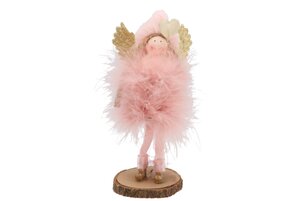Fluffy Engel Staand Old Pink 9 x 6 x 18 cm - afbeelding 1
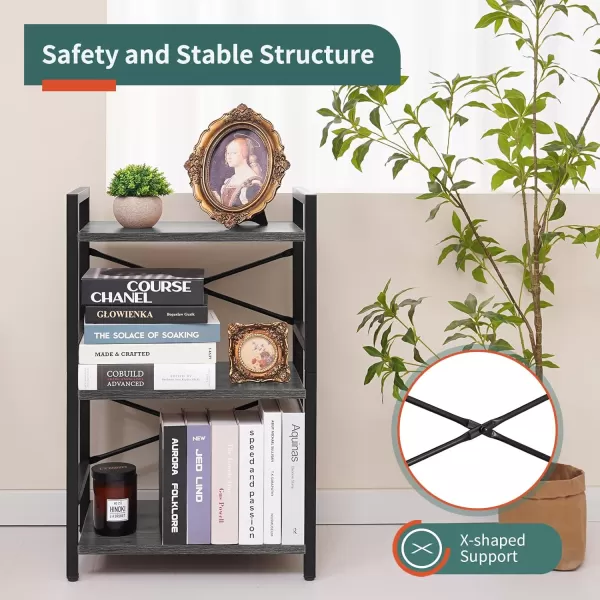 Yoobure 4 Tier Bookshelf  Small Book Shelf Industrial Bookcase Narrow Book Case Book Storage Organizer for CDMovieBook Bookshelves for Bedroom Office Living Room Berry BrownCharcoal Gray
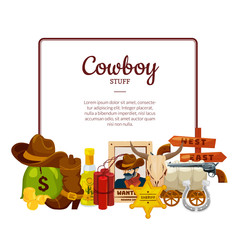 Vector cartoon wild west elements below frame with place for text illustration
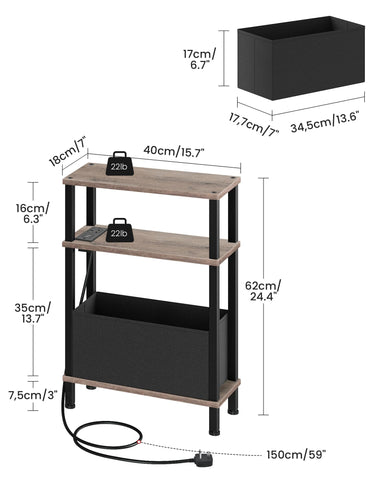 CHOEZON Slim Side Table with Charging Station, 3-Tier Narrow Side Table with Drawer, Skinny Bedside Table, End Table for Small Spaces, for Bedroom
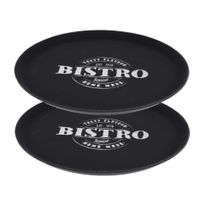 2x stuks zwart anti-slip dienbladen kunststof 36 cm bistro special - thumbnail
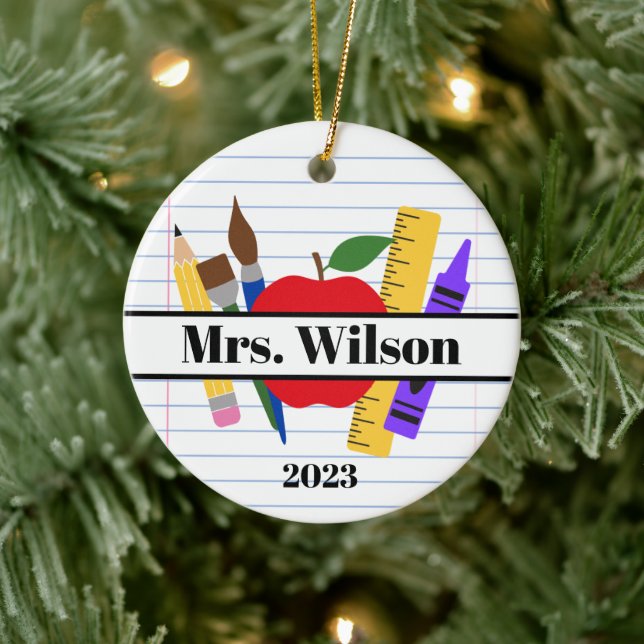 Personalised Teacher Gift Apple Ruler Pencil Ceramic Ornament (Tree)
---
▸ WORK TO BE COMPLETED: What is needed is an exact restatement of every line from the line containing "CHOEZON Slim Side" through the last line of the records, minus any pictures.

▸ YOUR SOLUTION:
 CHOEZON Slim Side Table with Charging Station, 3-Tier Narrow Side Table with Drawer, Skinny Bedside Table, End Table for Small Spaces, for Bedroom
 2x stuks zwart anti-slip dienbladen kunststof 36 cm bistro special - thumbnail
 Personalised Teacher Gift Apple Ruler Pencil Ceramic Ornament (Tree)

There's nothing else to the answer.